I started writing this post in January 2023, and it’s being published two years later. Why? It’s the only topic that is making me truly uncertain as a marketer. To this day, if someone asks me if the brand building will be the lord and savior of their business, my answer is: “I guess…maybe…no…yes…can be, but New customer acquisition 100% will be”.

I want to break this down, though. We often distinguish between brand marketing and performance marketing in acquisition as if they are two different things. I can agree that they require two different skill sets to create those creatives, but as a strategist, it all needs to fit together.

When I started writing this post in 2023, the topic was supposed to be about how Brand building is a distraction and just another way to add vanity metrics to your marketing presentations. I still believe that this is the case for many marketers, but unlike back then, I actually believe Brand building can make the difference between failure and success. But you need to know what outcome you want, and need to know what brand building actually is.

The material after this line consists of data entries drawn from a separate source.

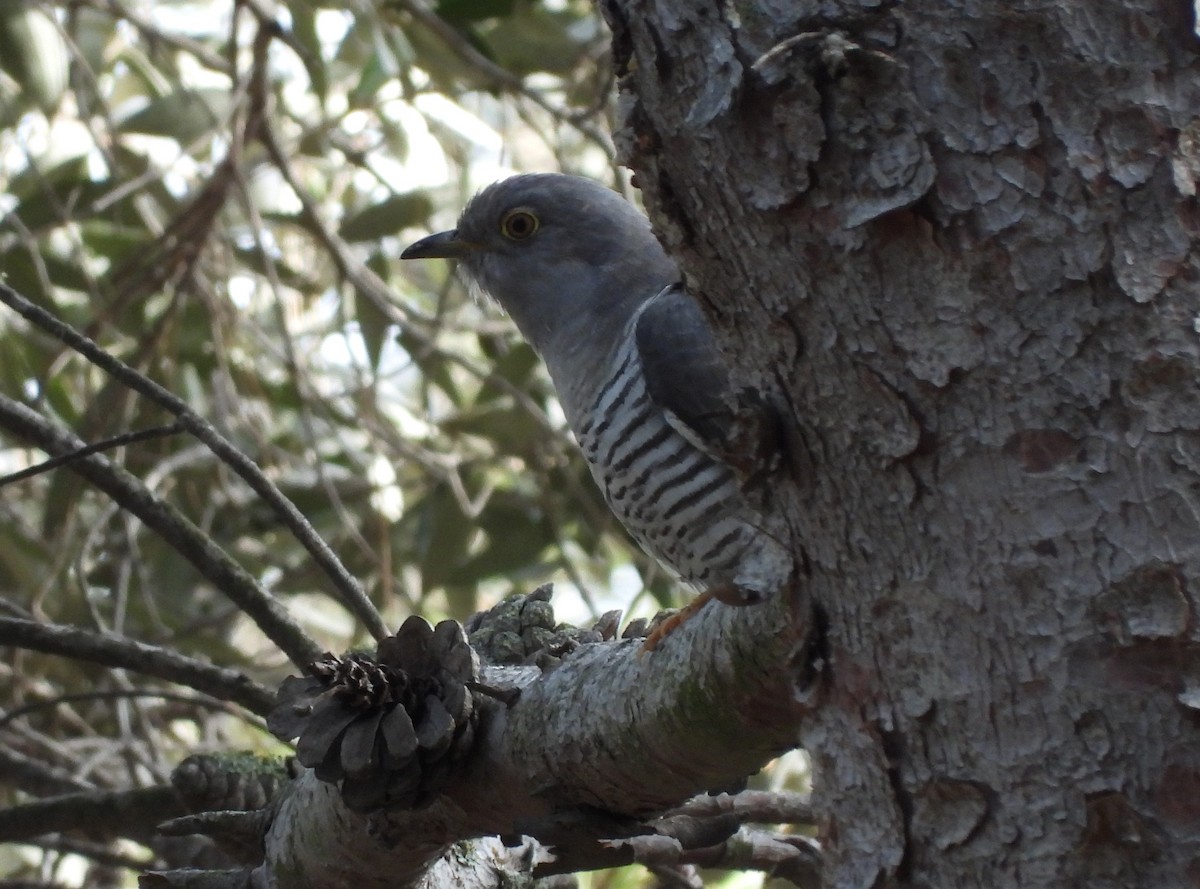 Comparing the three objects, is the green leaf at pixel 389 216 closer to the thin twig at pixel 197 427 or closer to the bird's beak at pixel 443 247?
the bird's beak at pixel 443 247

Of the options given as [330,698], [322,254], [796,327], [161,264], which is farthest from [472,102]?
[796,327]

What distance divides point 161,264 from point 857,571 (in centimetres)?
288

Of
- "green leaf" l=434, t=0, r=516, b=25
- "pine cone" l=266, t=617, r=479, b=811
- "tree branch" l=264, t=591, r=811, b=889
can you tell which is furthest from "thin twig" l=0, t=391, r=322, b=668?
"green leaf" l=434, t=0, r=516, b=25

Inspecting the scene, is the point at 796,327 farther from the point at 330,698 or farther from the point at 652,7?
the point at 330,698

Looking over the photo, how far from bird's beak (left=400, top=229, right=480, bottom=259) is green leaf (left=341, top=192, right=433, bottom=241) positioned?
52cm

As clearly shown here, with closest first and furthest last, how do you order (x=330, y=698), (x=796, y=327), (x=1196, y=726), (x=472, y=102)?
(x=1196, y=726) < (x=796, y=327) < (x=330, y=698) < (x=472, y=102)

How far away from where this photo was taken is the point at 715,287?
45.2 inches

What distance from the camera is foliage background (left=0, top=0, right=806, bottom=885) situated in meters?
3.41

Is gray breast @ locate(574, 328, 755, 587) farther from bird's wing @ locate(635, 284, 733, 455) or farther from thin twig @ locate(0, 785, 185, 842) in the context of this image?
thin twig @ locate(0, 785, 185, 842)

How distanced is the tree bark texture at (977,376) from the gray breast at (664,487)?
1234 millimetres

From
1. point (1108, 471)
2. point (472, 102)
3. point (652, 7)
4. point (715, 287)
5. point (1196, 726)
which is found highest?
point (472, 102)

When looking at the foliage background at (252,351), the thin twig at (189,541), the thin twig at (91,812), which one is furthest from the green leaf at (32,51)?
the thin twig at (91,812)

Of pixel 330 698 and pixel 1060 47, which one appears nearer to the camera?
pixel 1060 47

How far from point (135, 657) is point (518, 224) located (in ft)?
5.28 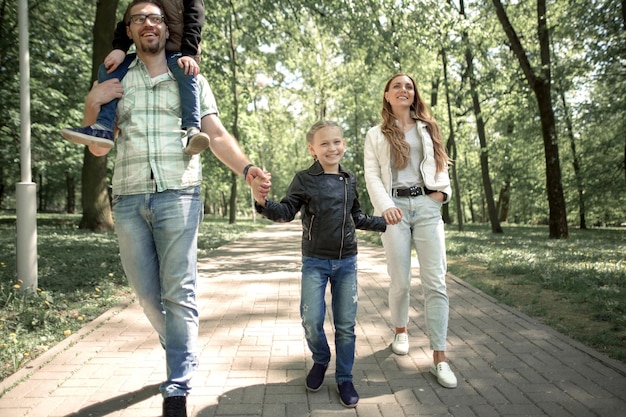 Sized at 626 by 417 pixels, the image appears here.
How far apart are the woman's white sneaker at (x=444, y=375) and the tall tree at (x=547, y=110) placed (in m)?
13.1

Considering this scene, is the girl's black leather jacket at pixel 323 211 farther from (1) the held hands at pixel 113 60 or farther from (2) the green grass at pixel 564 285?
(2) the green grass at pixel 564 285

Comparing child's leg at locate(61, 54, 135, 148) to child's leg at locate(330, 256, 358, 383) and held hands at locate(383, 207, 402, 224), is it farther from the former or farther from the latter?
held hands at locate(383, 207, 402, 224)

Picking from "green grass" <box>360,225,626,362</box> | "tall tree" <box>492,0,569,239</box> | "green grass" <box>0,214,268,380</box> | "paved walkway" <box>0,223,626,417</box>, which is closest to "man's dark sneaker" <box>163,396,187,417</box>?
"paved walkway" <box>0,223,626,417</box>

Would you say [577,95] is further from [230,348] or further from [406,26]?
[230,348]

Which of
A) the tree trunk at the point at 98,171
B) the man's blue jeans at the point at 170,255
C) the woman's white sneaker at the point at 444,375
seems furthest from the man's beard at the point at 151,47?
the tree trunk at the point at 98,171

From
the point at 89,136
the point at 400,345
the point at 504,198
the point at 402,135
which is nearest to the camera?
the point at 89,136

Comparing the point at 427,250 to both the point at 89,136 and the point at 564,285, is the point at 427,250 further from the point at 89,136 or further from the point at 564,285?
the point at 564,285

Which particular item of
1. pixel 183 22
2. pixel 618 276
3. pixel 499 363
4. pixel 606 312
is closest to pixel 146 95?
pixel 183 22

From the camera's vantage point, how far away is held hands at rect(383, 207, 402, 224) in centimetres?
325

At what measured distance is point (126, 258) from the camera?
2656 millimetres

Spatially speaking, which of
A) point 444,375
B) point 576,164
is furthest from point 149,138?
point 576,164

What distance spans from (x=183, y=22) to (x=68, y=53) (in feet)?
52.1

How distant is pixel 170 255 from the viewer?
8.52 ft

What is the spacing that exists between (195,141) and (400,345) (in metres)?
2.44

What brand building should not be in your growing company

Have you seen a “Brand awareness” campaign? Those campaigns that make no sense from a commercial perspective, like someone put together a lot of images and slapped a logo on top. Those campaigns that’s supposed to make you “feel” something. I still remember the Budweiser Australia ad with the dog waiting for its owner to return. The top-notch ad didn’t make me buy Budweiser, but it gave a more positive impression of their brand.

Big corporations find that a fantastic way to spend all the money they have available. For Anhauser-Busch marketers, it’s not about optimizing for sales; it’s about optimizing reach. When growth CPG marketers try to do the same, they’re on the wrong path.

We often look to large corporations for inspiration when building a brand, but we’re searching at the wrong end. When you’re building a brand as a growing company, your context differs from what Coca-Cola is. They say a brand is what people say about you when you’re not in the room, but you need to think differently when there are too few people who know about you to be talk-worthy. An emotional ad won’t help you, because you have no one to confirm your message.

I like that definition of brand, because it still tells you about what you want to accomplish. You must acknowledge that you are not yet talk-worthy simply because people usually talks about things that are already popular.

So how do we build a brand worthy of being talked about?

Certainly no brand awareness campaign with no particular meaning or message. First of all, you need to be super-consistent when it comes to your value throughout every touchpoint. If you do performance marketing, that does not mean that you have to follow specific square-like brand guidelines, but people should see your ads and see that you care about your values. Make sure at least that they have no meaning of seeing you do not care about these things. Never let brand building stop you from doing your best performance.

Fancy advertisements won’t make people talk about you. What will do so is big bets on cultural moments, world-class customer experiences & connecting your brand with people who share your brand’s values and have an influence over consumers. Whether that is your potential customer's small-town micro-influencer or Kim Kardashian's less famous sister, it is up to the brand to decide, but that is what you need.